Another way to get rid of biofilm requires a clean piece of paper. All you need to do is to just:
– Float a piece of paper over it for a few seconds.
– Lift the paper off and you will notice that all that protein film sticks to it.
– Do the same using another side of the paper.
– Throw away that piece of paper and take another one. Do not reuse it.
Note: Please, do not use the newspaper for this because the ink of paper might get in the water column. There is no need to contaminate it.
Skim it out with a big plastic bottle or jug. Sink it at an angle and let the surface water with biofilm slowly drain into the bottle. Repeat the process until it is done.

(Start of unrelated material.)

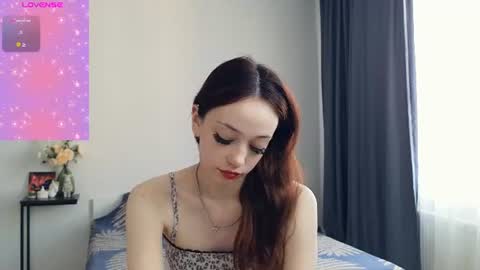 Hailey Wellington online show from 07.05.26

The UV Sterilizers (check out the price on Amazon) use a UV light bulb to eliminate microscopic organisms that are floating freely in the water column. This is a great method of disinfection because they kill most bacteria, viruses, algae, and parasites. These sterilizing units will prevent any biofilm in the tank.
Although I do not like using chemicals unless there is no choice, I still have to list this method as well.
Warning: Avoid direct contact with skin, eyes, and clothing, as well as direct contact with animals or aquatic plants. It is recommended to use protective gear (goggles, gloves). Use it at your own risk!
Sometimes aquarists use Hydrogen peroxide (3%) in spray bottles to eliminate biofilm. For the record, Hydrogen peroxide is commonly used as an oxidizer, bleaching agent and antiseptic. Hydrogen peroxide will simply erase it from the surface.
If hydrogen peroxide gets on the fish, shrimp, snail, etc. or even plants it can harm or even kill them!
Removing Underwater Biofilm
- Use a soft bristle brush (an old toothbrush will be good enough), and rinse in freshwater.
- Snails, shrimp and some fish species like Ottocinclusare your friends. They excellent biofilm and algae eaters.
In the context of aquarium keeping, Biofilms are a collection of microorganisms. They are always present in our tanks, to some degree. The formation and growth of biofilm may be affected by factors such as temperature, nutrient availability on the substrate, or time.
Of course, biofilms do not look good but they are not that dangerous unless you let them grow uncontrollably and do not take any measures to remove them.